Familiensache(n)
Drei Unternehmen – drei Geschichten: Welche Werte werden durch Generationen getragen? Wie verbinden sie das Bewahren von Traditionen mit dem Drang nach Innovation? Was war ihre bisher größte Herausforderung? Und dann ist da noch die Sache mit der Nachfolge. Wir zeigen, wie diese Familienunternehmen ticken und was es braucht, um sie in die Zukunft zu führen.
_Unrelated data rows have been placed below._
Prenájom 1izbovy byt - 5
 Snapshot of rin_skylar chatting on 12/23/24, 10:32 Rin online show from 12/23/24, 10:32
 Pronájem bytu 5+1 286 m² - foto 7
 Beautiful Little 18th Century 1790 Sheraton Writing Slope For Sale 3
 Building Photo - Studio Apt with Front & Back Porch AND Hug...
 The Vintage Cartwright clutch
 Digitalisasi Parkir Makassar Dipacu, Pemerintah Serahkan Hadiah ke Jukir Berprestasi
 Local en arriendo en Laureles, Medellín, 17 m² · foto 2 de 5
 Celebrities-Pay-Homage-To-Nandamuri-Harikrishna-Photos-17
Es gibt Unternehmen, die sind mehr als bloße Wirtschaftsbetriebe. Sie sind Lebenswerke, die über Generationen hinweg geformt wurden. In ihren Mauern stecken Geschichten von Aufbau und Wandel, von Entscheidungen, die getroffen wurden, als die Zukunft noch ungewiss war. Familienunternehmen tragen ein besonderes Erbe in sich – eines, das nicht nur aus Bilanzen und Geschäftszahlen besteht, sondern aus Werten, die weitergegeben werden. Doch wie gelingt es, dieses Fundament zu bewahren und gleichzeitig den Mut aufzubringen, neue Wege zu gehen?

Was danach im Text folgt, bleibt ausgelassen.